De la Libye… aux sources du Nil
Seulement, il y a eu comme un tacite consensus afin que soit tu un tel sujet, au sein des principales formations politiques. Certes, Ennahdha, principal courant islamiste, alignant alors le plus grand nombre de députés à l’Assemblée législative, a clairement condamné «sur le coup» le coup d'État.

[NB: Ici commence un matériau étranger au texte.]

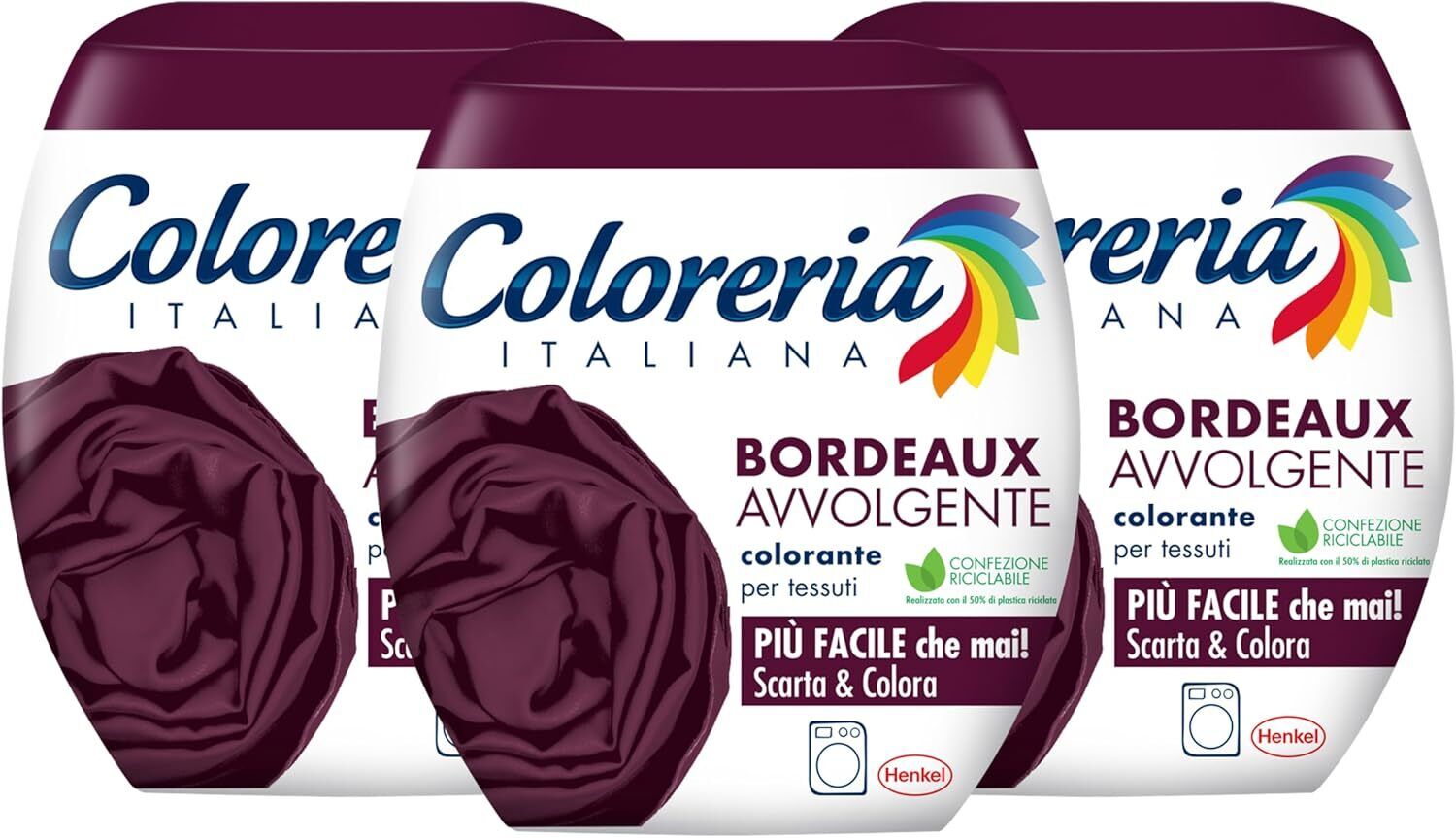 Coloreria Italiana Colorante Vestiti in Lavatrice, Bordeaux Avvolgente, 3 Pezzi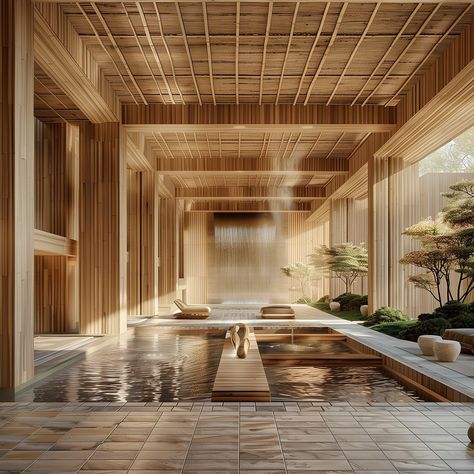 Zen suite meets summer vibes—self care spa day when? 🧘‍♀️🌱 - Eco-Friendly Japandi Style Hotel featuring Organic Architecture and Natural Materials located in the Heart of the Botanical Gardens. Inspired by Kengo Kuma 🎋 - #spadayeveryday #dreamhotel #earthyvibes #selfcaredays #kengokuma #japandidesign #hotelgoals #Organicarchitecture #luxuryspa #selfcareishealthcare #hotelliving #botanicalgarden Japandi Spa, Japanese Resort, Self Care Spa Day, Spa Architecture, Luxury Spa Design, Modern Japanese Design, Japanese Spa, Hotel Swimming Pool, Spa Interior Design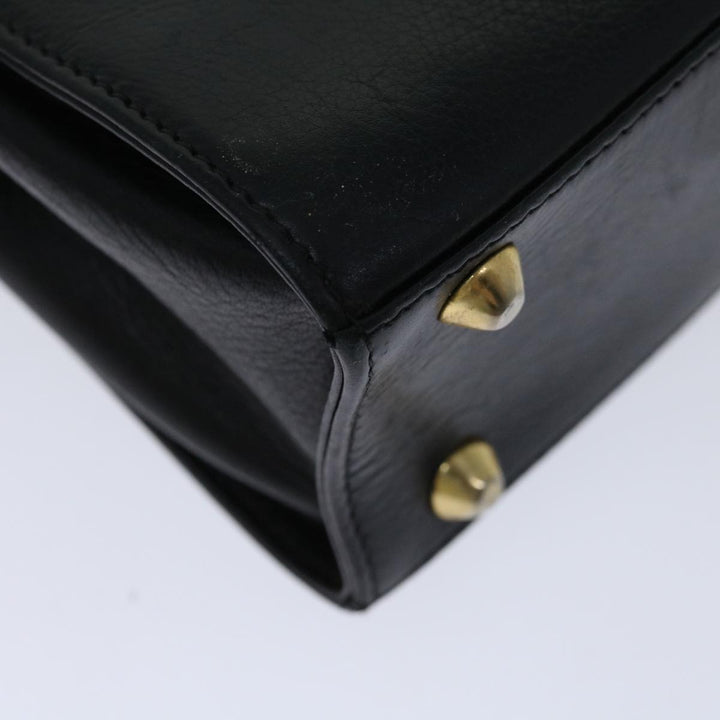BURBERRYSs Hand Bag Leather Black Auth 67181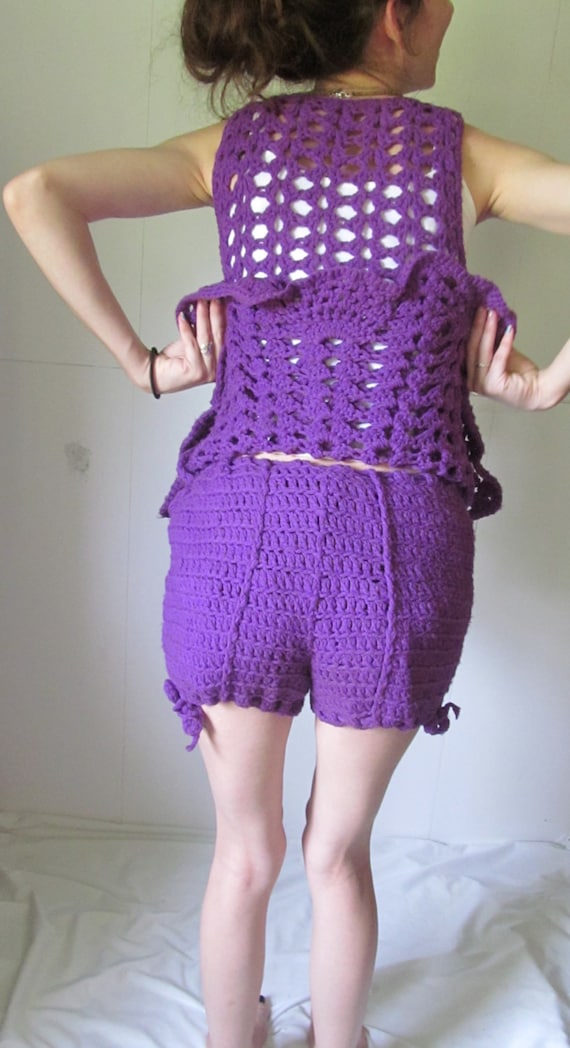 sz s 70s Crochet Dress and Bloomers Boho Chic Tre… - image 5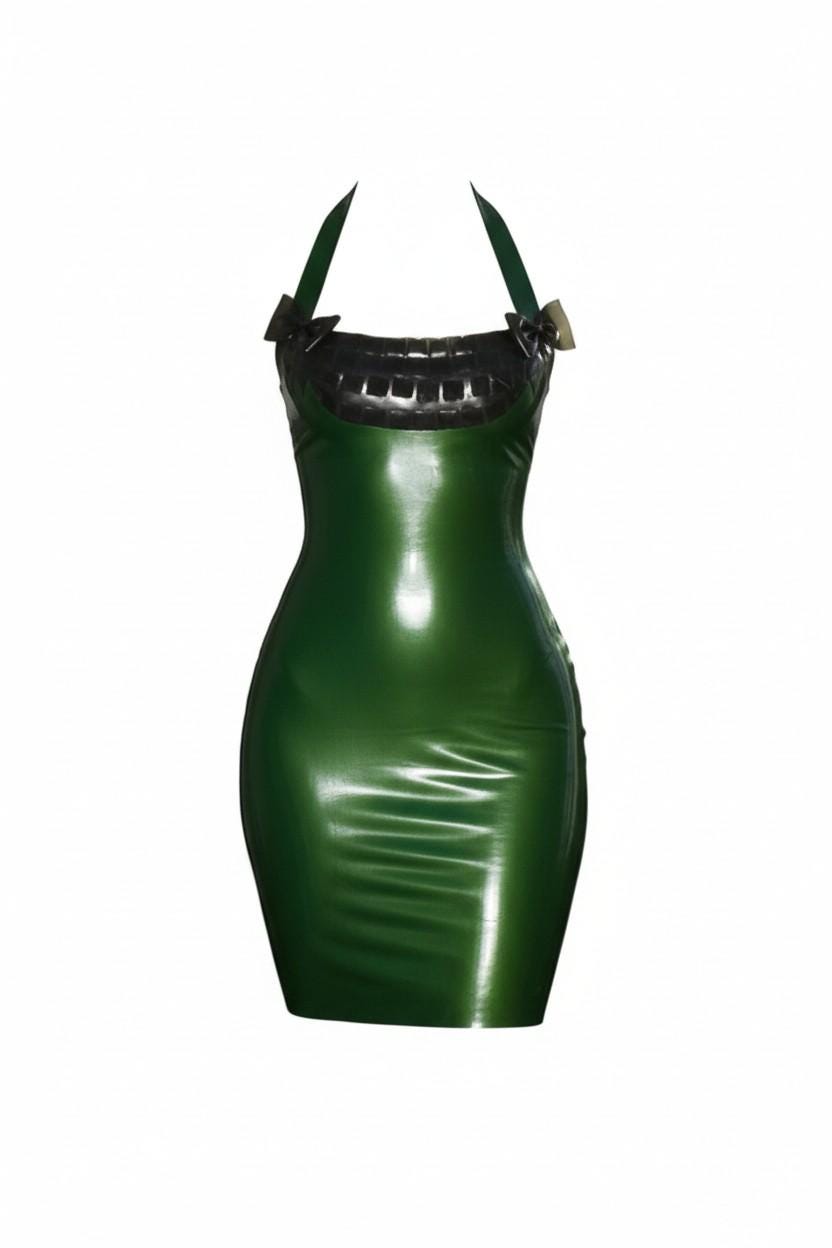 dark green latex dress Butterfly Dream main image 0
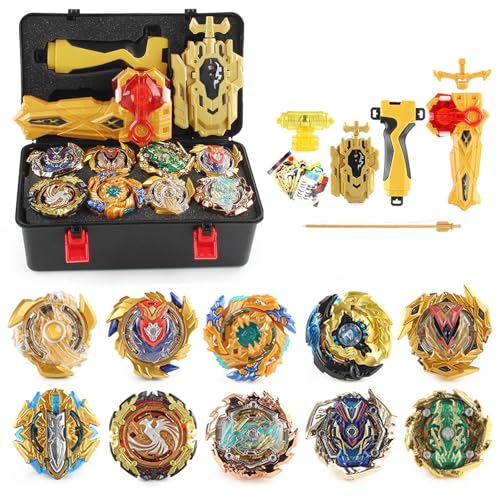 Netoke 10 in 1 Gyros Set, 4D Kampfkreisel Kreisel Battle mit Launcher Gyros, inkl 4 Stück Gyros Accessory Set, Gold von Netoke
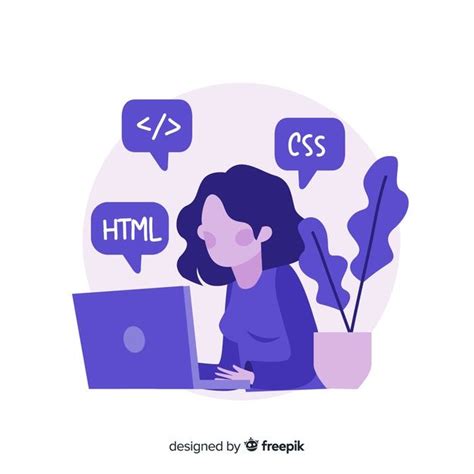 Free Vector | Colorful illustration of female programmer working ...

Mais les assassinats politiques de deux figures de la gauche tunisienne, qui l'affaiblirent politiquement, et son souci de maintenir et de sauvegarder son entente avec le Président Béji Caïd Essebsi et le parti Nidaa Tounes que celui-ci venait de créer pour conquérir la présidence, l'amenèrent bientôt à faire preuve de retenue. De fait, Ennahdha, à contre cœur, s’est abstenu de voler au secours des «Frères» de la vallée du Nil autrement que par une position de principe et quelques sorties médiatiques sporadiques. Les islamistes patentés ayant fait montre, ainsi, d'une certaine prudence, ce sont les assimilés qui se sont déchaînés pourfendant, depuis lors, «la dictature militaire» du «général putschiste». Des attaques qui se sont cristallisées, plus tard, avec la crise du Golfe de 2017, quand les amis du Qatar et ceux des Émirats et de l'Arabie saoudite se sont alors livrés en Tunisie à une rude bataille par médias et réseaux sociaux interposés.
L'heureux épilogue qu'a connu cette dernière crise ne pouvait permettre à Ennahdha de revoir son ton à la hausse. On a même entendu le 13 avril un cacique de ce parti, Noureddine Bhiri, ancien ministre de la Justice et à présent président du groupe parlementaire d'Ennahdha, nier l’appartenance de son parti à l’organisation des Ikhwan al-muslimin (Frères musulmans*) fondée en 1928 par l’Égyptien Hassan al-Banna! Une déclaration concomitante avec le réchauffement des relations entre l'Égypte et la Turquie d'Erdogan, allié sempiternel d'Ennahdha. En revanche, ce sera à l'ancien Président Moncef Marzouki et aux mouvances islamo-révolutionnaires de jeter l'opprobre sur Kaïes Saïed qui «ne représente pas la révolution qui lui a permis d'arriver au pouvoir».
Rejet de l'islamisme
Toutefois, à part ces points d’accord avec son homologue égyptien autour des principaux problèmes de la région d’Afrique et du Proche-Orient, Kaïs Saïed a attendu d’être dans ses pénates pour révéler la teneur de ce que les deux chefs d'État se sont dit quant au souci que constitue pour chacun d’eux la présence et l’impact de l’islam politique.